··· AVAILABLE DATA

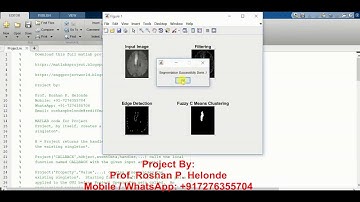 Image Segmentation Using Fuzzy C Means Clustering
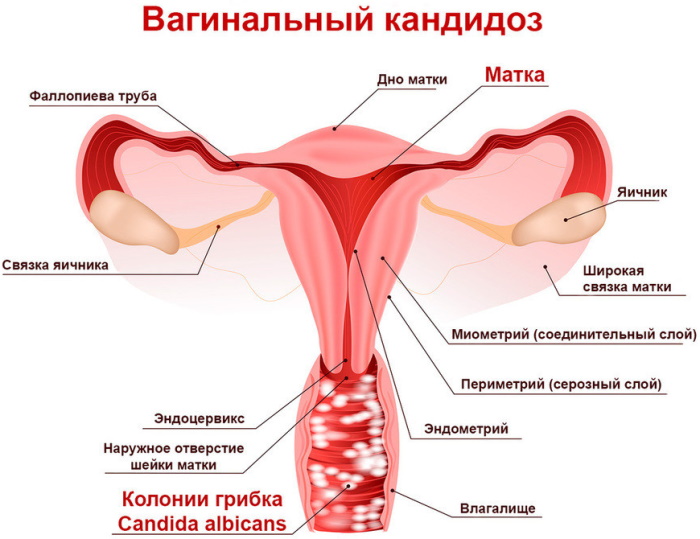 Заболевания мочевыделительной системы у женщин. Симптомы и лечение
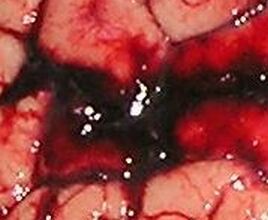 brain1.jpg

······

■ DESCRIPTION OF THE TASK
Transcribe the span of lines that runs from the line with "Заболевания мочевыделительной системы" to the end of the data, both ends included, exactly, with nothing else and no pictures.

■ ANSWER BELOW
 Заболевания мочевыделительной системы у женщин. Симптомы и лечение
 brain1.jpg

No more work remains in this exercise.